Tuesday, December 20, 2011

Kid-Food Nostalgia

In the midst of my cookie-making (7 down!), I decided to make my friend's Christmas gift. I find that food is often the bet gift to give. It's perfect: immediate gratification, some minimal labor, and cheap (well, it is when you use your parents' kitchen).

My friend had started drooling over a pumpkin pop-tart recipe a few months ago and I figured I'd give her the real thing so that she could drool properly while in pumpkin heaven. Plus, I had been meaning to make some homemade pop tarts. I love remaking childhood favorites (I've done thin mints and samoas also).

And these did not disappoint! Super delicious all around. The dough was light and flaky and the center tasted just like the filling of a pumpkin pie. I'll definitely be trying these again with different fillings. Plus, my friend loved them. She said "I really wish that I could just have one of these every morning for the rest of my life. I wish they came in boxes so I could buy an endless stock and never run out. YUMMMMMMMMMY." So, I'll consider it a success.

(I forgot to photograph the pop tarts after being iced, which was stupid.

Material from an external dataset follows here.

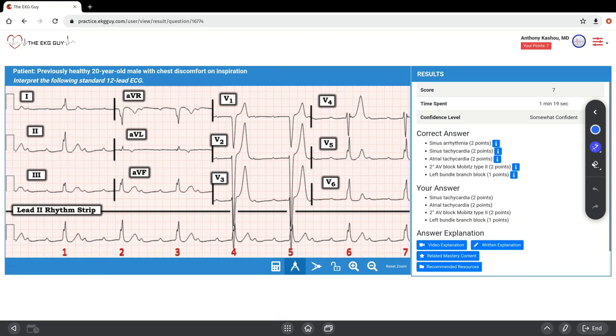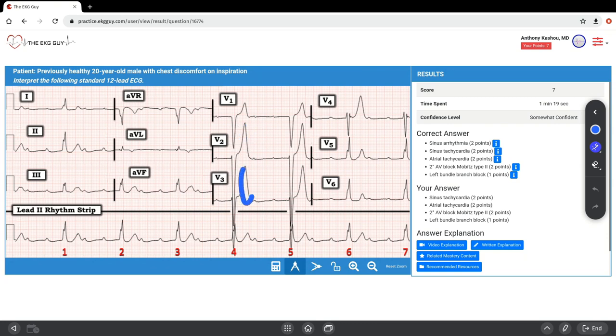Also notice markedly peaked T waves above 20 millimeters in amplitude in leads V2 and V3. These two here are quite peaked, quite large as well. That could suggest hyperkalemia. In this previously healthy male, we would probably not diagnose hyperkalemia without additional information. In fact, this patient's serum electrolytes were normal.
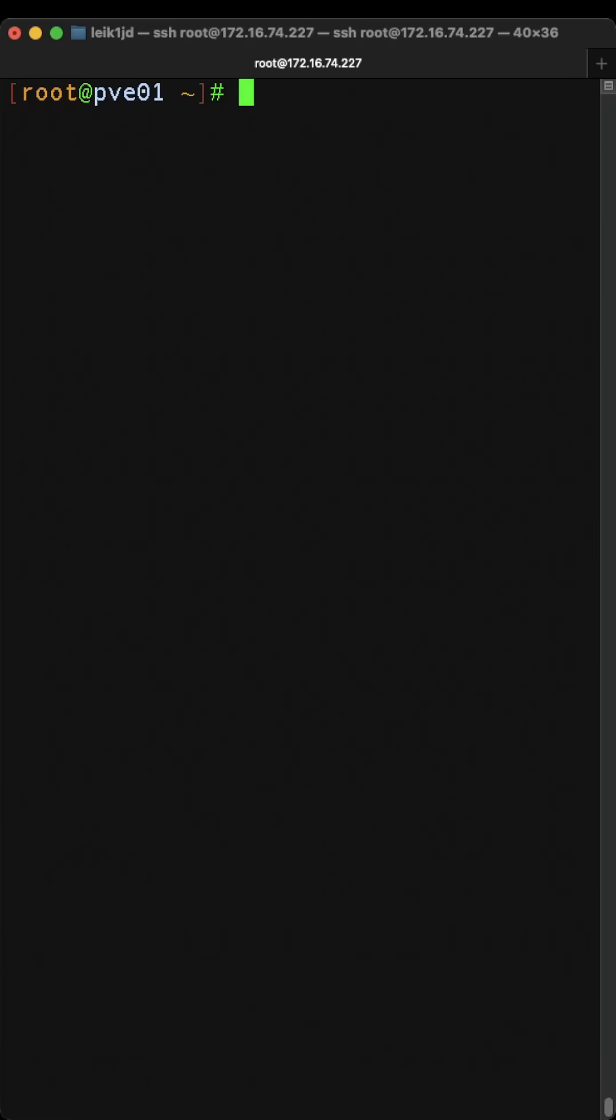CD is change directory. So if we, for instance, do CD slash, it's going to take us to the root of the file system. This part is a little bit different on Windows.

They look even prettier with icing running of the sides--especially when they cover up the mistakes I made while making the tarts.)

Definitely try them out!

Dough recipe courtesy of smittenkitchen.com
Filling and glaze recipe courtesy of pink-parsley.com

Pumpkin Pie Pop Tarts with Maple Glaze

For the Crust:

2 cups all-purpose flour
1 Tbs granulated sugar
1 tsp salt
1 cup (2 sticks) unsalted butter, cold, cut into cubes
1 large egg
2 Tbs milk
1 large egg (for brushing the dough)

For the Filling:

3/4 cup pureed pumpkin
1 large egg
1/8 tsp ground cloves
1/4 tsp ground ginger
1/2 tsp cinnamon
1/4 tsp ground nutmeg
1/4 tsp salt
1/3 cup granulated sugar

For the Maple Glaze:

1 cup powdered sugar
3 tsp maple syrup
2 Tbs milk

You can make the dough by hand or in a food processor. I did it with a pastry cutter by hand. Just whisk together the flour, sugar, and salt. Next cut in the cold butter until it is fully distributed and there are still pea-sized pieces of butter visible. Whisk together the milk and egg and mix into the flour mixture until it forms a dough. You can knead it on a floured surface if necessary. If using a food processor, pulse the flour, sugar, and salt until combined. Add cubed butter and pulse until butter is pea-sized. Then remove the dough to add in the egg and milk.

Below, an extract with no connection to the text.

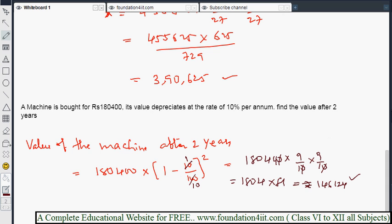This is how we solve problems related to population or depreciation, similar to compound interest compounded annually. Next, we will see how to find compound interest when interest is compounded half-yearly, and after that, when compounded quarterly.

Divide the dough in half (approximately 8 1/4 ounces each), shape each half into a smooth rectangle, about 3×5 inches. You can roll this out immediately (see Warm Kitchen note below) or wrap each half in plastic and refrigerate for up to 2 days.

In a medium bowl, stir together the pumpkin puree and spices. Whisk in egg, salt and sugar and place in the fridge to rest while you roll out the dough.

On a well floured work surface, press dough into a 3×5-inch rectangle, roll the dough out to about 1/8-inch thickness. The dough should be slightly larger than 9×12-inches. Trim dough with a pizza cutter, creating a perfect rectangle that is 9-inches tall and 12-inches long. Using the pizza cutter, cut each side into thirds, creating 9 squares. Place dough squares in the fridge while you roll out the second piece of dough in the same way.

Brush one set of 9 squares with beaten egg. This will act as the glue for the top layer of dough. Spoon about one tablespoon of pie filling into the center of each brushed dough square. Top with a second piece of dough and use a floured fork to crimp the sides closed. Use the fork to punch holes in the top of the pop tarts so that they release steam and don't puff up.

Position a rack in the upper third of the oven and preheat to 350 degrees F. Let tarts rest in the fridge for at least 30 minutes while the oven preheats.

Remove tarts from the fridge and place in the oven to bake for 25 to 30 minutes, or until golden brown on top.

While the tarts bake, whisk together ingredients for the glaze and set aside.

Let baked tarts rest on a cooling rack to cool completely before glazing. Best served within 2 days.